Here are some pictures

Thanks for your help!


----------



## Nigel (Jul 10, 2012)

Looks like a sable pup to me. Why don't you trust the breeder?


----------



## boomer11 (Jun 9, 2013)

thats a sable. you cant tell from a pup how much darker it will get though. how the parents look are a better indication of how the pup will look grown up.


----------



## Anubis_Star (Jul 25, 2012)

Why dont you trust your breeder? If you dont trust them dont buy their pup! 

Look at the parents. Sables go through a light period and then always darken as they age



Sent from Petguide.com Free App


----------



## Konotashi (Jan 11, 2010)

I second Anubis' advice. If you don't trust the breeder about the coloring, what else can't/won't you trust?

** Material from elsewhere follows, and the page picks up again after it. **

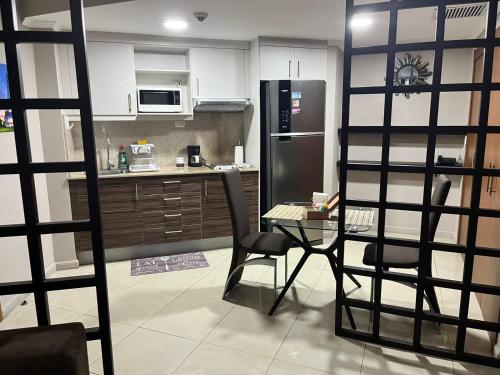 Kuchyň nebo kuchyňský kout v ubytování Puerto Santa Ana Suites Guayaquil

Also, from what I've seen by others' posts on here, sables change almost daily. (Okay, maybe a bit of an exaggeration) but they change a LOT.


----------



## Momto2GSDs (Mar 22, 2012)

Konotashi is right! Some change daily! My dog on the right looked like a Malinois until she matured! The boy on the left was salt & pepper from birth but got a little darker when he matured. Sables are kinda "like a box of chocolates.....ya never know what you'll get" but it is SO fun to watch them change colors!

View attachment 112506


----------



## doggiedad (Dec 2, 2007)

are you buying from a reputable breeder? if i didn't trust a breeder's
word i wouldn't buy from them. if i didn't know enough about breeder's
and dog's i would find someone that knows how to pick a breeder and
pick a pup. then i would follow that persons advice. seek advice from
several knowedgeable people and do your research on lots of reputable breeder's.


----------



## doggiedad (Dec 2, 2007)

does a breeder know if their pups are going to be dark?



Momto2GSDs said:


> Konotashi is right! Some change daily! My dog on the right looked like a Malinois until she matured! The boy on the left was salt & pepper from birth but got a little darker when he matured.
> 
> >>>>> Sables are kinda "like a box of chocolates.....ya never know what you'll get" <<<<<
> 
> ...


----------



## Momto2GSDs (Mar 22, 2012)

I found a picture of our boy as a pup. Looks a little similar to your pups pic.
View attachment 112514


----------



## wolfstraum (May 2, 2003)

Sables do change, but their color after birth is probably the best indicator of how dark they will be....the really really really dark ones never are light - most get almost cream colored at 3-4 months....and alot of these do get to be nice dark sables as adults....but describing and measuring in a meaningful way "how dark" a sable is going to be is just not doable...dark darker less dark....all in the eye of a beholder...

those are average sable pups with decent masks...none will be super dark...  and they will be darker than they are right now! But only one looks like it will end up light gray - look at the contrast on the third photo - black stripe and light sides....that looks to me like a normal sable....and the tan is very tan, not reddish...they all seem to have good face color....


Lee


----------



## NancyJ (Jun 15, 2003)

Also sable is just a pattern.....there are more important things to know about the puppy before you buy! A lot of folks like the sables but they typically come from working lines that may be higher energy and drive than most folks are used to.


----------



## jlhorowitz36 (Sep 2, 2013)

I think your pup looks darker than mine. This is how she's changed over the last month. 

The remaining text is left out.